4. It could encourage people not to pay down debt
Martin Lewis, the founder of Money Saving Expert, agrees that it could incentivise people to make bad decisions: “[T]here is a risk Help to Save could substantially mis-prioritise people’s finances. … [P]eople may start to think that everyone should put aside money each month, when the truth is for many with expensive debts, especially payday loans, that’s a bad idea.”
5. It’s a bit rich
Labour has said Help to Save is “like stealing someone’s car and offering them a lift to the bus stop”. People on low incomes have been hit by government cuts to tax credits and Universal Credit. Shelter reminds us that the coalition government also withdrew support for the Social Fund, which helped people to cover unexpected expenses, in 2013, handing responsibility to local councils. Many have since been forced to cut or scrap the scheme.
6. It was New Labour’s idea anyway
Shadow Work and Pensions Secretary Owen Smith points out that the plans are “almost identical” to New Labour’s planned ‘Saving Gateway’ – which George Osborne scrapped in his very first budget, saying it was unaffordable. This suggests it has just been quickly rehashed to sugarcoat a budget that takes from the disabled to cut taxes for the rich.
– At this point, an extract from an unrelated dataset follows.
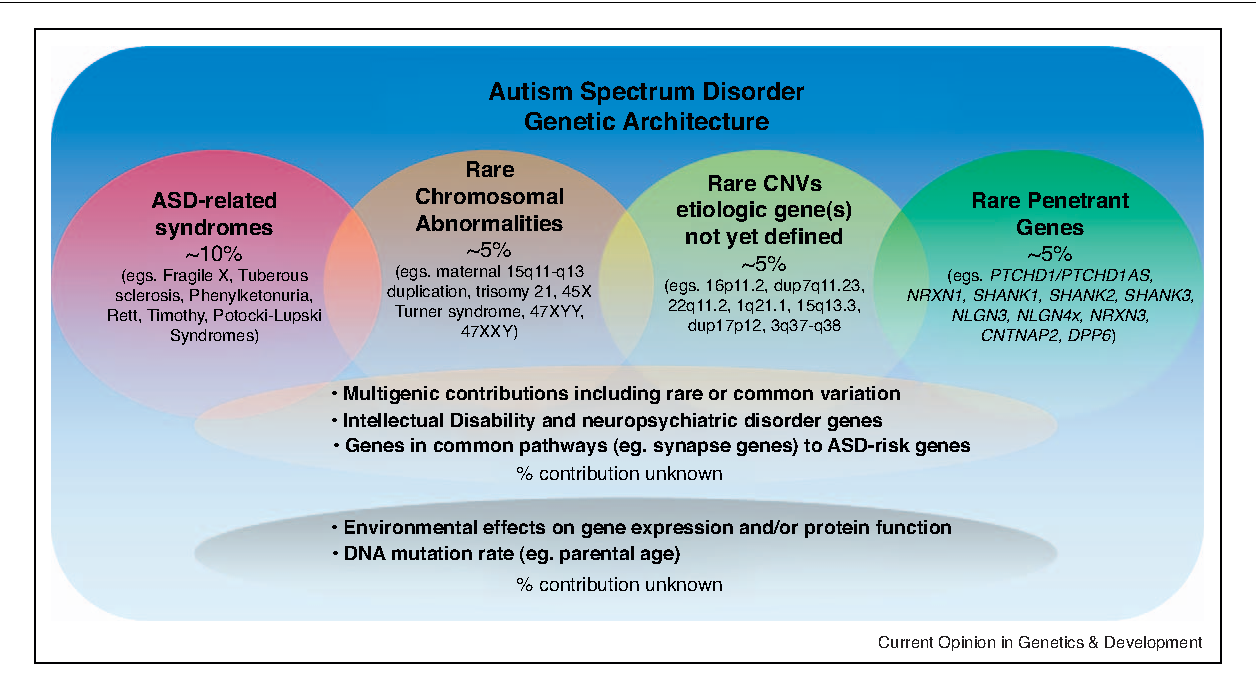 Unraveling The Genetic Architecture Of Autism Spectrum Disorder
7. The people it will benefit will largely have decent incomes
One of the few differences between Help to Save and the scrapped the New Labour scheme is that New Labour planned to limit its incentive to people earning less than £16,040 a year. The Tory scheme, on the other hand, will benefit those earning up to £30,000 (under Universal Credit) – a fairly decent income, given that 90% of UK citizens earn an average of £12,969.
8. It won’t benefit those who most need help
The savings scheme won’t help those who most need help right now: those who are out of work, those who are having their disability benefits slashed, and those who don’t earn enough to qualify. The Resolution Foundation explains that Help to Save:
will only be open to adults in receipt of Universal Credit with minimum household earnings equivalent to 16 hours at the new National Living Wage (equivalent to roughly £6,365 in 2017-2018) or those who are still in receipt of Working Tax Credits.
9. Even the government doesn’t expect it to help many people
3.5 million people are eligible for Help to Save, but how many will actually take it up? The New Statesman has done the sums, based on the government’s own expectations: “In their own costing, the government has assumed that the scheme will cost just £70 million over its first two years. Across the 3.5 million eligible people, that’s a match of just £20 each. The government clearly isn’t expecting substantial numbers to take up their generous offer.”
The lack of savings is a serious problem in the UK; almost half of UK adults don’t have a £500 savings buffer, and unexpected costs can push many families into problem debt. A well thought-out scheme that genuinely helped people to save would be a good thing. But Osborne’s Help to Save is little more than a gimmick – and, given his brutal attacks on working people, an insulting one at that.